Devido a este equívoco de diagnóstico, há movimento em curso que busca desantropizar e paralisar qualquer iniciativa que beneficie o ganho de escala produtivo da região. Há um engessamento na análise dos Cadastros Ambientais Rurais – CAR, na regularização fundiária, na análise de pedidos de licenças ambientais e na realização investimentos de infraestrutura. Há uma forte atuação de órgãos de governo, de organismos internacionais e de ONGs, que impedem uma séria de políticas e de medidas racionais para as atividades produtivas, uma deliberada tentativa de tornar a Amazônia um zoológico humano.
Toda esta militância parte da análise que ao se facilitar a produção na região, melhorar a escala e a renda do produtor, se reproduzirá a pressão sobre a floresta, o que é um paradoxo e desprezo com a dignidade de milhares de amazônidas. Infelizmente, quanto maior a dificuldade de se produzir na região, mais distante o produtor estará de se apropriar do legado da ciência tropical sustentável, reforça-se o ciclo vicioso de pressão sobre a floresta, reforça-se o ciclo vicioso de disparidade de geração de renda e de oportunidades, coloca uma população de 29 milhões de amazônidas em condições de vulnerabilidade, retroalimenta o ciclo vicioso de pressão sobre a floresta. O diagnóstico equivocado leva a construção de preconceitos, medidas e políticas restritivas também equivocadas, cujos resultados são desastrosos para a região e que acabam por retroalimentar as pressões sobre a floresta, opondo-se e contradizendo-se justamente com aquilo que pretenderia inibir.
A preservação da floresta amazônica não se dará com a sua transformação em um zoológico para o mundo. Esta tentativa somente trará miséria a sua população e mais pressão sobre a floresta. Sua preservação passa necessariamente pela incorporação da ciência tropical sustentável nos modelos de produção de alimentos na região. Serão a pecuária, a agricultura sustentável tropical e também as oportunidades da bioeconomia da floresta, quem darão as bases econômicas capazes de dar suporte a dimensão humana, para o uso sustentável dos recursos naturais, a preservação da floresta e o convívio e preservação dos povos tradicionais da região.

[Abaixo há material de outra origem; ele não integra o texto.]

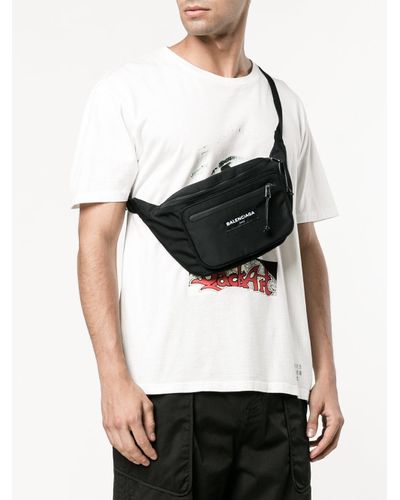 Balenciaga Synthetic Explorer Zip Belt Bag in Black for Men - Lyst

A população amazônica é parte da solução. Não é possível dissociar as dimensões humanas e econômicas para se alcançar a preservação da floresta. Ciência e tecnologias já existem para que os amazônidas contribuam com um dos maiores desafios da humanidade, o aumento da oferta de alimentos saudáveis, resilientes e produzidos de forma sustentável. Esta é a vocação da região e passaporte para o seu desenvolvimento, geração de renda, emprego e dignidade. Não é o zoológico humano, mas sim a apropriação do legado da ciência tropical sustentável a mudança de chave.
Como difundir o legado da ciência tropical sustentável, trazendo luz aos produtores, interrompendo o ciclo vicioso de miséria e pressão sobre a floresta? Como fazer a sociedade, a opinião pública e as ações de política pública parar de demonizar a produção e de fato enfrentar a raiz do problema?